“Welcome to your modern public broadcaster.”
That was how Neil McEneaney, CBC interim EVP English Services, introduced the pubcaster’s fall launch to attendees to its unfront Wednesday morning in Toronto.
In a presentation that was a departure from last year’s – standing room only, no celebs parading the stage, no Stanley Cup (though a holographic Stanley Cup was present), and the Canada Lives Here exhibit at the centre of the presentation – the focus was on the content and on making it connect to more Canadians by hitting them at home.
The strategy to connect with more Canadians means the pubcaster is striving to build an even bigger viewership for its primetime schedule, anchored to major event sports programming, which this year includes the Bridgestone Winter Classic, Stanley Cup hockey, the 2014 Winter Olympics in Sochi and the 2014 World Cup of Soccer.

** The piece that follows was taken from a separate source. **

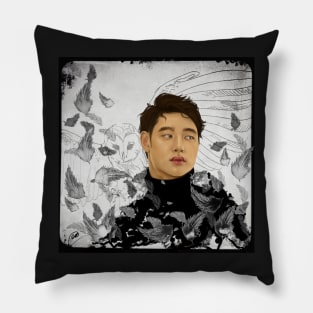 Kyungsoo - Owl fanart Pillow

On the revenue side, these events offer up greater ad -integration opportunities, says Alan Dark, general manager of the CBC Revenue Group, who added that the CBC will heavily promote its other primetime programming during these events.
Meanwhile, the majority of the scripted renewals announced Wednesday are no surprise. As first announced in April, there’s a slew of returning shows, including its audience winners like Dragons’ Den, Republic of Doyle, Heartland, Arctic Air, and Mr. D. There’s also new seasons of cop procedural Cracked and Murdoch Mysteries, mini-series The Best Laid Plans based on Terry Fallis’ novel, MOW Still Life and new NBC cop drama Crossing Lines.
What’s also new is Recipe to Riches, which will launch in the winter mid-season. Recipe to Riches previously aired on Shaw Media’s Food Network.
The competition series, produced by Toronto-based Temple Street Productions, sees home cooks compete to have their recipes become a PC product in Loblaw stores across the country, and to win a cash prize.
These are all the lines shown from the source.